⟨

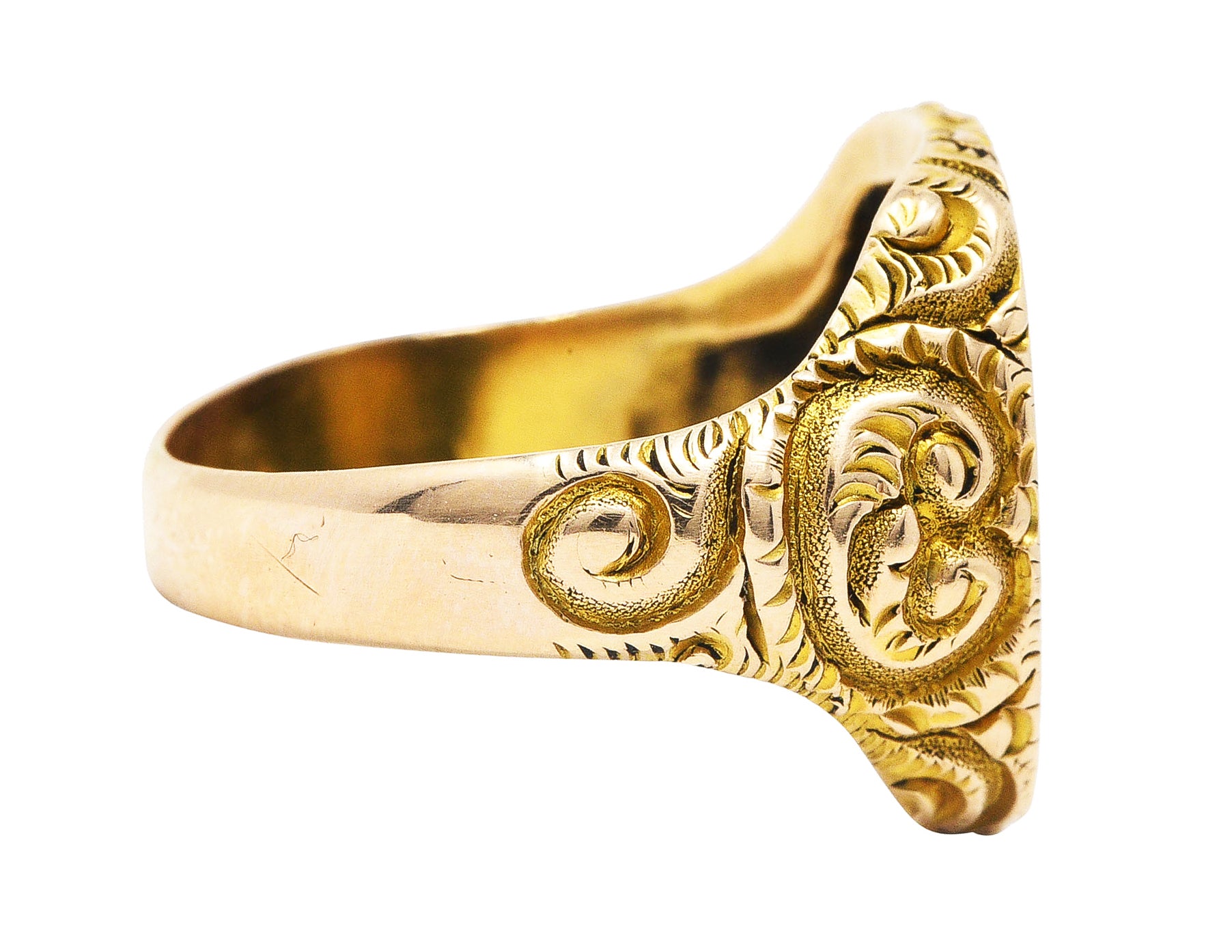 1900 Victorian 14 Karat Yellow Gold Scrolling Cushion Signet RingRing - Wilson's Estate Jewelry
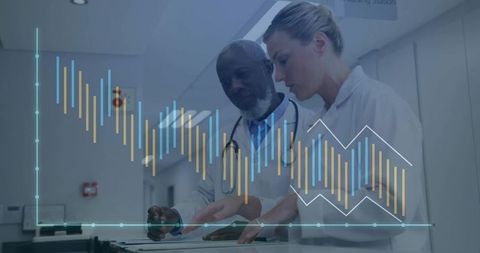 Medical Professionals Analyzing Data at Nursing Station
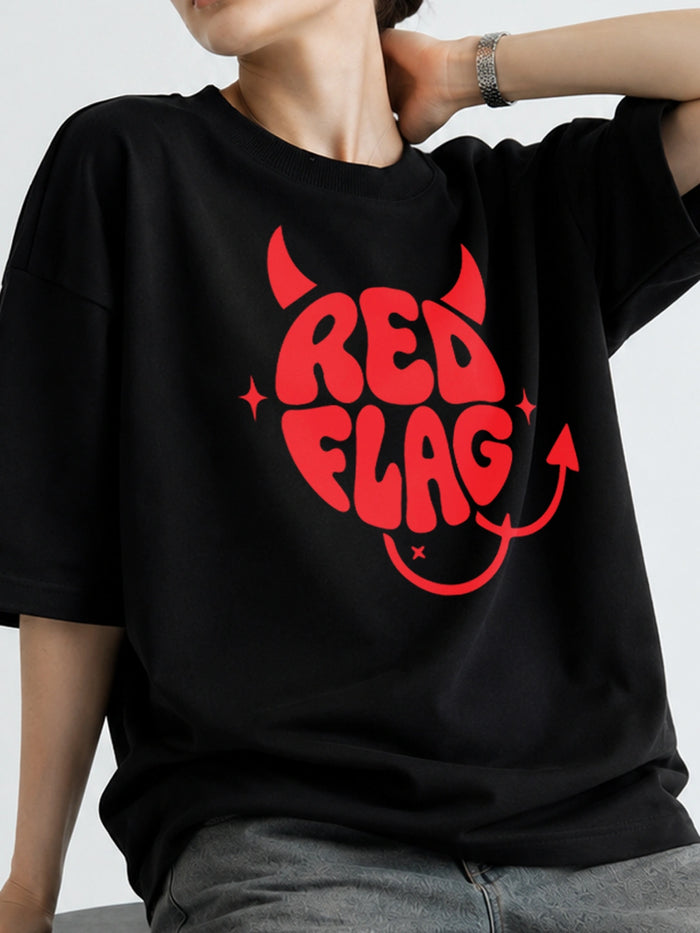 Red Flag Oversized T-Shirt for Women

⟩

Task item: Write out the whole listing exactly. Do not include the pictures.

Result of this exercise:
 1900 Victorian 14 Karat Yellow Gold Scrolling Cushion Signet RingRing - Wilson's Estate Jewelry
 Medical Professionals Analyzing Data at Nursing Station
 Red Flag Oversized T-Shirt for Women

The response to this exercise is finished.